After that inviting start, the band seem to lose their nerve and beat a hasty retreat into Westcoast territory. From the shelter of their comfort zone they write and perform some solid westcoast songs. Nothing spectacular mind, just your standard mellow, think of the beach and a beer style of music – that said, ‘Made Up My Mind’ has a certain Per Gessle like pop charm – but some of these tracks err so far on the side of caution that they make Toto look like Metallica.

Then, well…on track 7, everything changes again – mood, tempo, style – and things get really interesting.

It’s no coincidence that this track, ‘Save Yourself’ is produced and mixed by Patrik Norman, and not the band as on previous tracks. It’s leaner, darker, edgier, with more of a contemporary feel, leaving the preceding tracks with a weak and watery aftertaste.
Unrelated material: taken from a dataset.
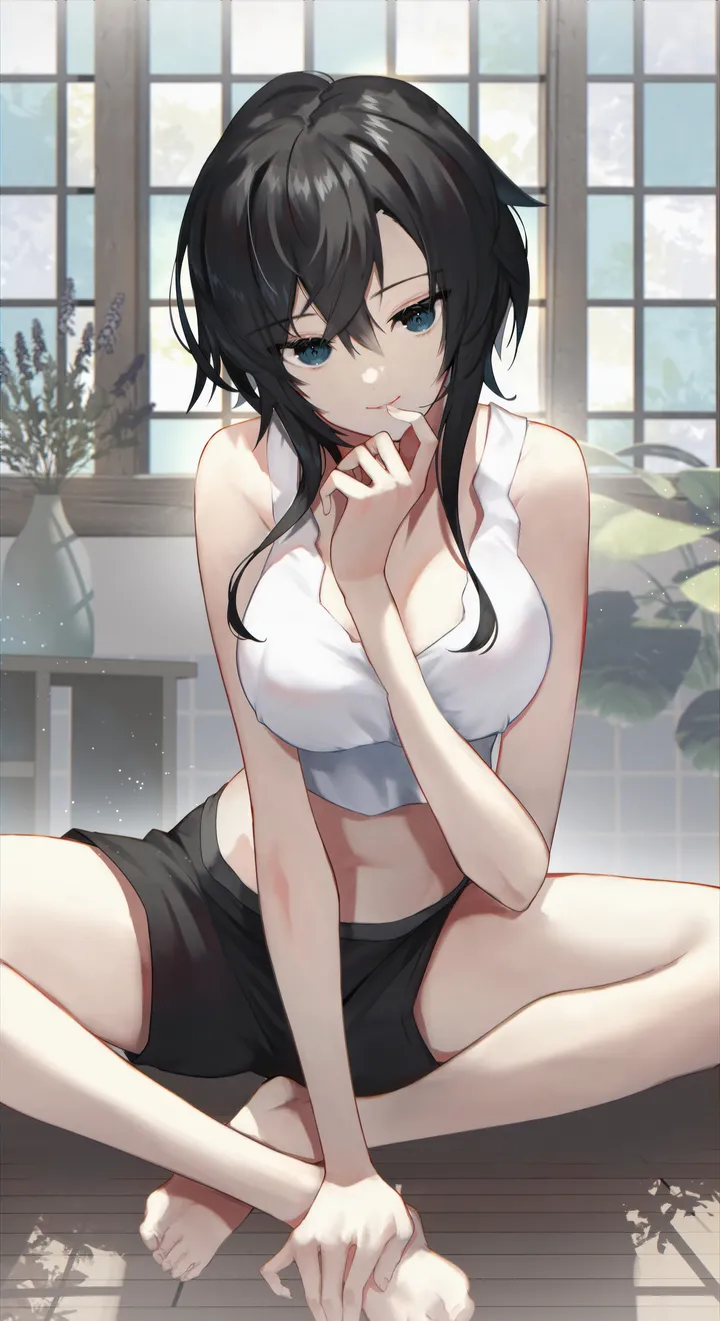 1girl,breasts,cleavage,bangs,solo,hands_on_feet,smoking,on_floor,sitting,sidelocks,indoors,stomach,short_hair_with_long_locks,hair_between_eyes,holding_cigarette,hand_on_own_chin,hand_up,holding,sleeveless,tank_top,sleeveless_shirt,wooden_floor,plant,white_shirt,indian_style,looking_at_viewer,shorts,vertical,smile,short_shorts,navel,feet,toes,blue_eyes,shirt,bare_legs,bare_arms,barefoot,large_breasts,long_hair,midriff,bare_shoulders,crop_top,cigarette,black_hair,black_shorts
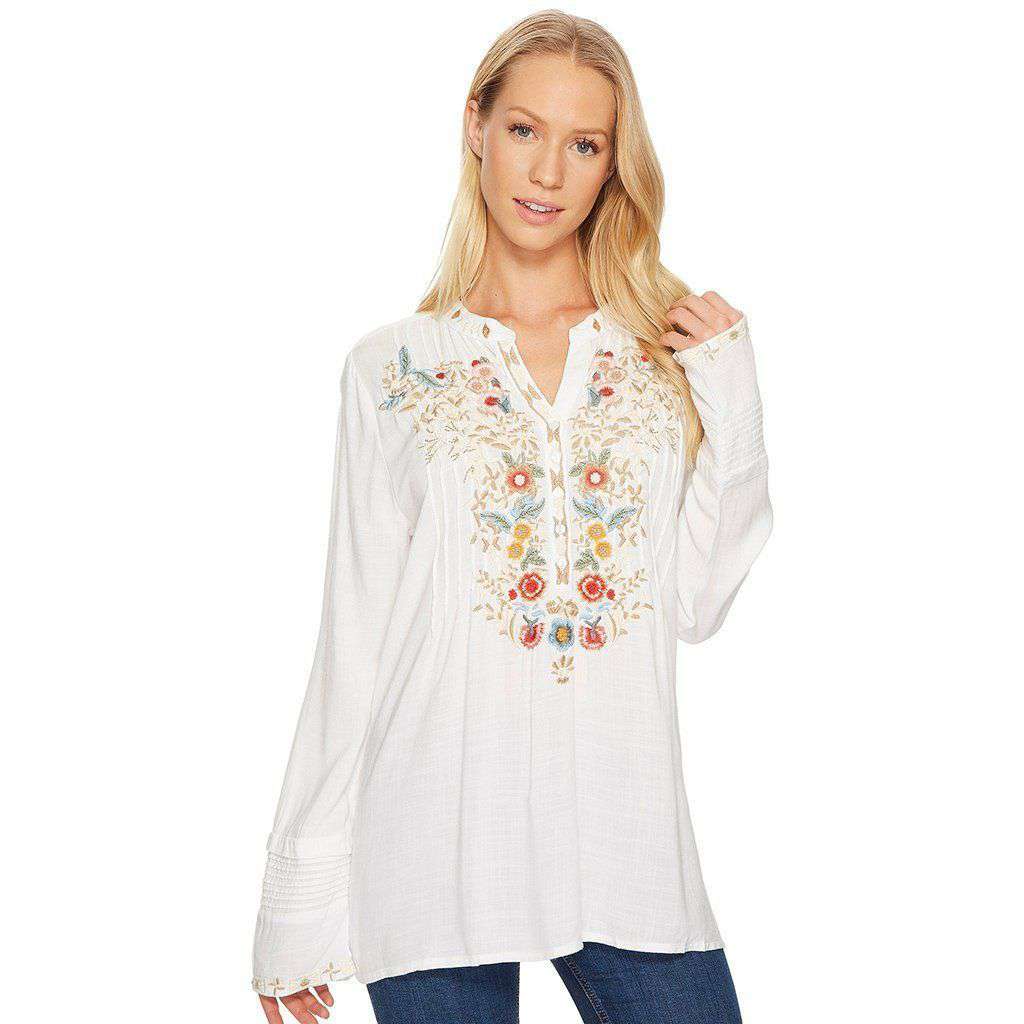 Button Tunic in Vintage White with Floral Embroidery by True Grit (Dylan) - Country Club Prep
It reminds me a little of perennially underrated Finnish band, Zero Nine, where various pop and rock styles are skilfully combined, cohesive yet challenging. ‘Strange Confusion’ and ‘Jericho Falls’ weave strands of Prog, New Wave and Westcoast into surprisingly satisfying end products. This marriage of disparate styles seems totally implausible, yet it works, thanks to inventive arrangements and total conviction (and commitment) from the band.

There’s a real sense of foreboding to closing track, ‘Nail Me To The Cross’ (the clue is in the title), recalling the dramatic intensity and vocal harmonies of legendary rock band, T-Ride, effectively ending the album on an emotional low and an artistic high.

There will be some who’ll find album’s stylistic wanderings to be tedious, but others will stick with it and find that an investment of time and patience will be amply rewarded.